1. Pick something you like.
A hobby should be fun—and maybe even relaxing—so if you can't stick with a certain activity, your first step is assessing whether or not you truly enjoy it. If you find jigsaw puzzles frustrating and running exhausting, they might not be the right hobbies for you. "The bottom line is this: The only habits you can successfully form and maintain are the ones you really want to do," says Fogg. "If you're dreading it or you have to force yourself to do it, that's a signal that you don't want to do it. For many of those kinds of things, people can temporarily use discipline or willpower to get themselves to do it, but it's rare that they wire in to be true habits." If you're trying to commit to a habit for the health benefits, find a similar alternative you can get excited about, like eating a side of fruit at dinner if you don't like vegetables, or trading treadmill sessions for outdoor yoga.
2. Set the bar low.
If you're envisioning spending an hour on a new hobby every day, it's going to be easy to get frustrated. What's more important than quantity, says Fogg, is consistency. You may not have an extra hour each day for editing your family photo albums, but if you set a smaller goal—like spending 10 minutes each day on a single spread—you can create a stronger habit. "Be realistic about what you can do every day, and do that tiny version," says Fogg. "In the time you have, scale it back to be really tiny so you can be very consistent every day." On days when you have more time, work as long as you want.

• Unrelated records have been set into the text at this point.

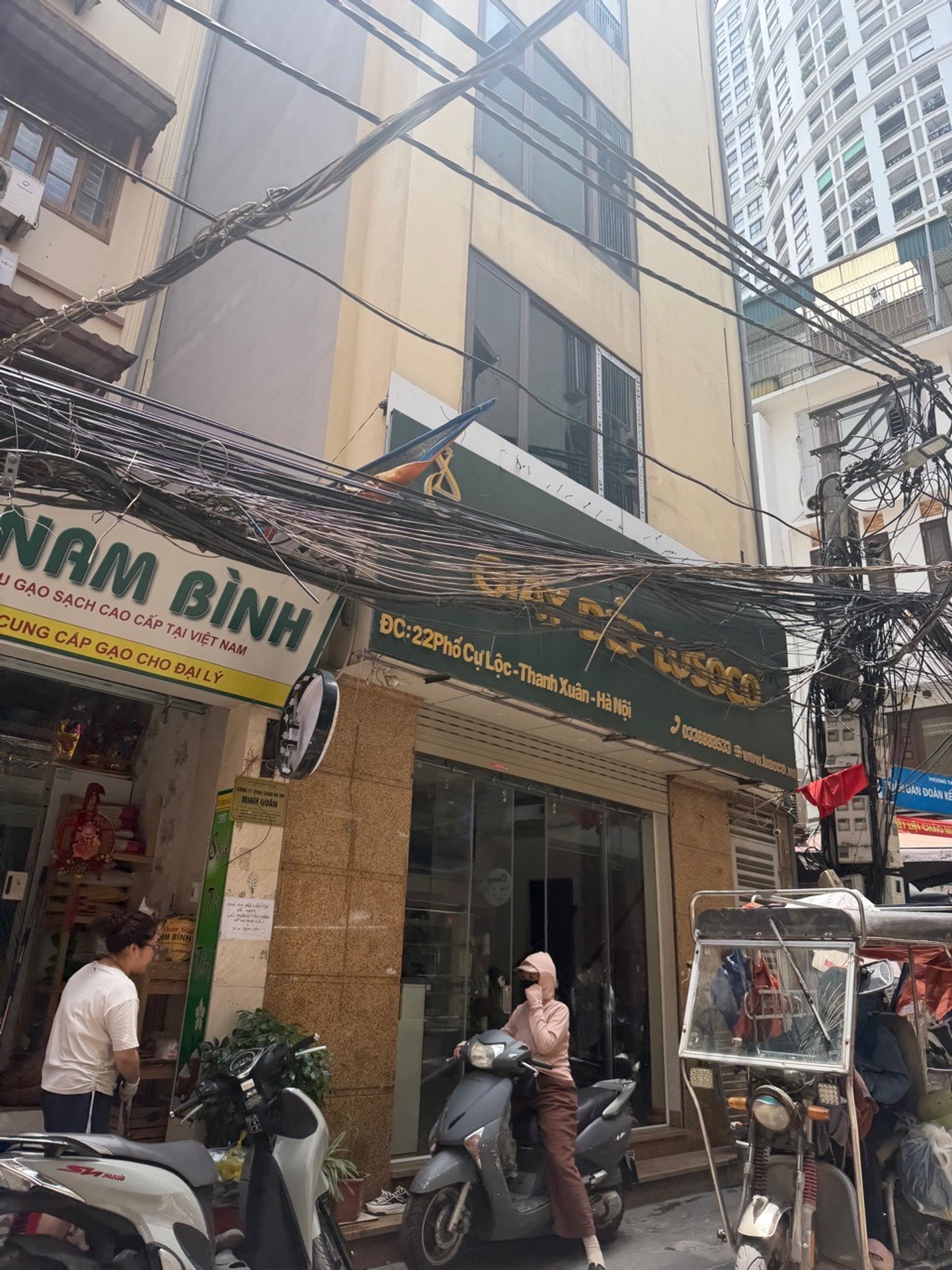 Bán nhà Cự Lộc - diện tích 32m2 6 tầng - Mặt phố lô góc, ô tô tránh - giá 18 tỷ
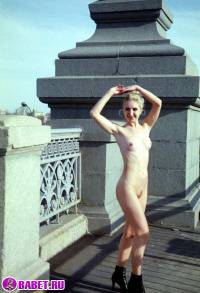 порно фотосессия Голая блондинка хочет покорить москву фото-22.йпг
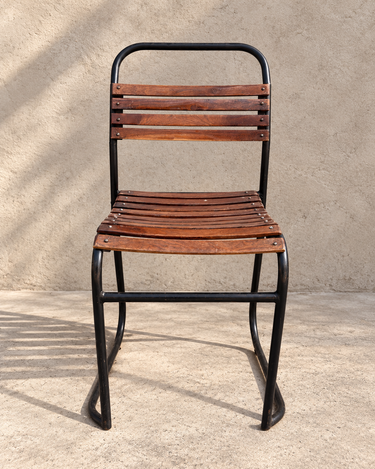 Silla de exterior vintage francesa de estilo bistró, madera marrón y metal negro, vista frontal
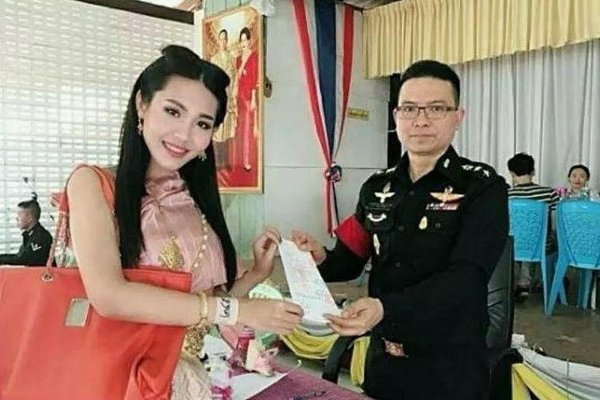 泰国征兵现场，为什么泰国国民都不愿意当兵？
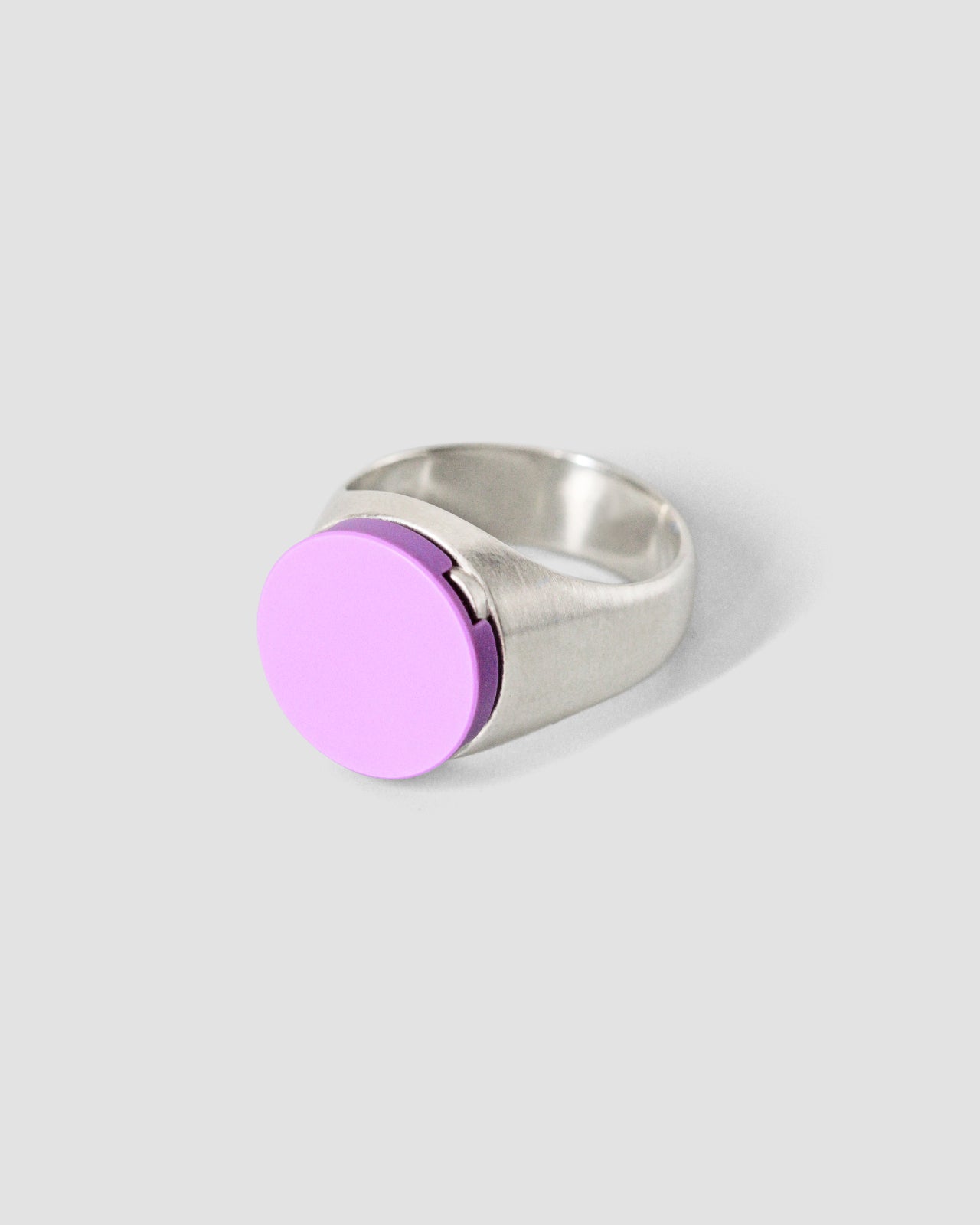 MB ROUND SIGNET RING
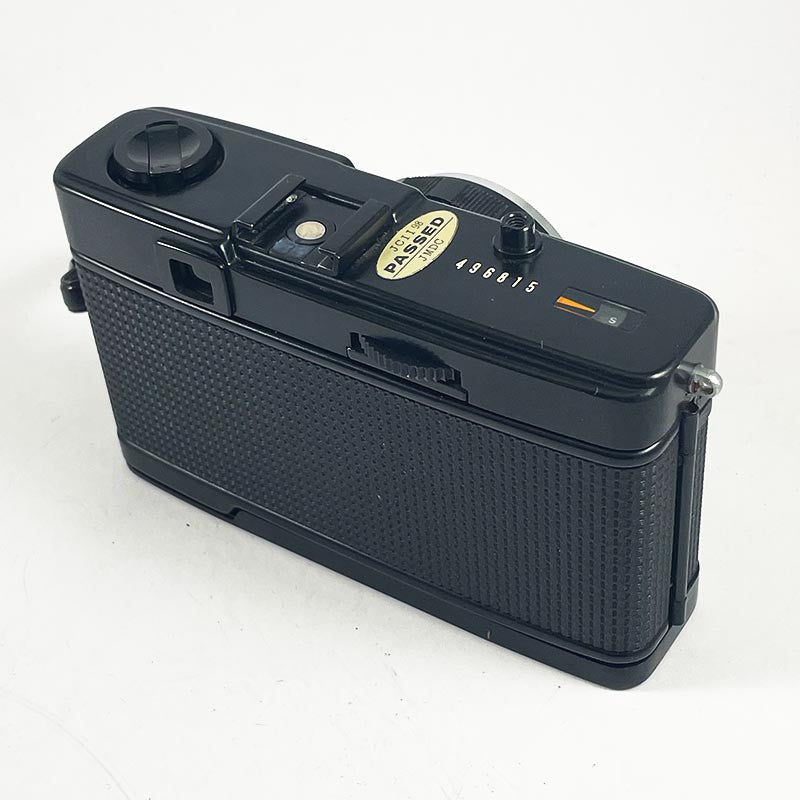 Olympus Trip 35 Black & D.Zuiko 40mm 2.8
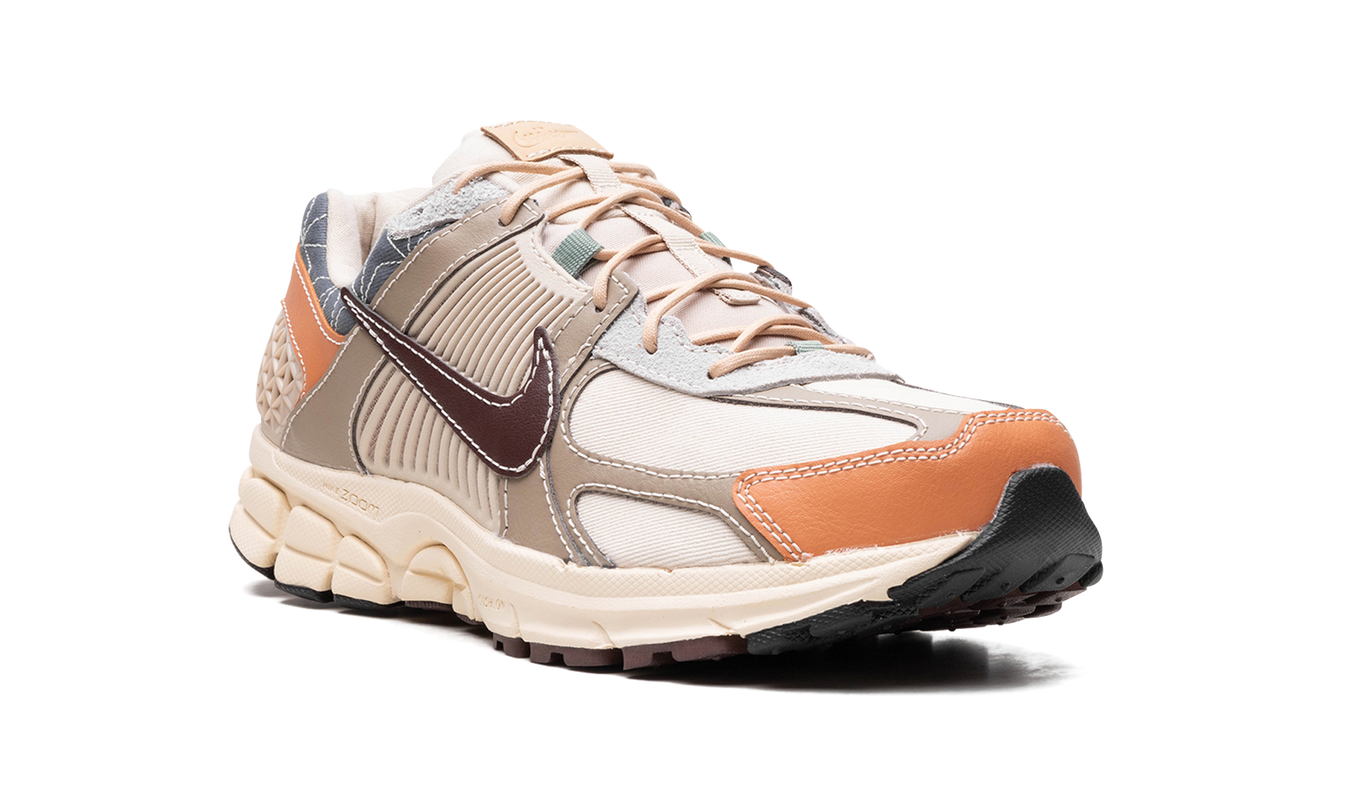 Zoom Vomero 5 „Sanddrift / Musselin / Khaki / Erde“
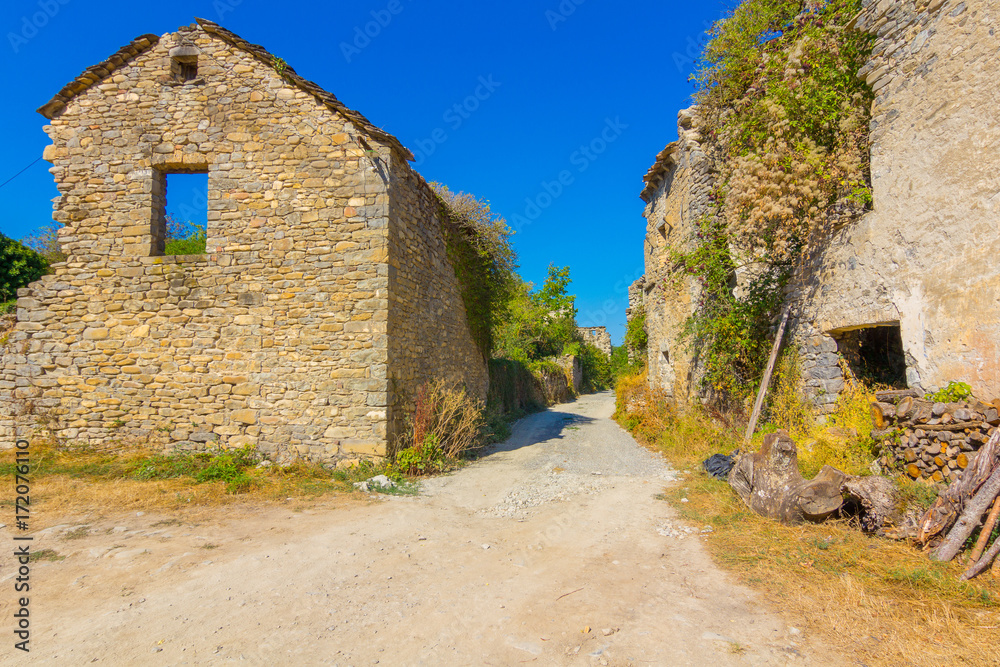 Abandoned village in the Pyrenees, Janovas, Spain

3. Tag it to an established habit.
One of Fogg's core habit-forming techniques is the concept of anchoring, when you pair a new habit with an established one—like adding facial moisturizing night cream into your evening agenda by applying it right after you brush your teeth. "It's really important," he says. "It allows you to tie it into your daily routine, and then your routine serves as the prompt or reminder." It works on a larger scale, too: Swap your morning social media scroll for a crossword puzzle while you're drinking your coffee, or stop at the library for a new book after every trip to the grocery store.
4. Find a friend.
Asking a friend or family member to keep you accountable is a classic habit-forming technique, says Fogg, but you're likely to have more luck if you find a partner who wants to pick up a new (or similar) hobby. "Changing together is good," says Fogg. If you're taking up hiking at your local nature center, your partner might bring an art set to paint the landscape; if you're joining a basketball team at the local YMCA, your kids might sign up for swim lessons.
5. Don't incentivize yourself.
If you've chosen the right hobby—one that you truly enjoy—then you shouldn't need to reward yourself with new workout clothes for a week's worth of runs or a manicure after four language classes. The positive feeling you get from your hobby, which Fogg refers to as "celebration," is a reward; treats you promise yourself for completing an activity are incentives.
"You only need an incentive if you don't want to do the habit," says Fogg. "An incentive is to motivate you; ideally, you're already motivated to do the habit." By setting a goal with a reward at the end, "You might make it," says Fogg, "but the habit isn't going to stick, and in a lot of cases, you won't make it. It's a bad design for long-term habits."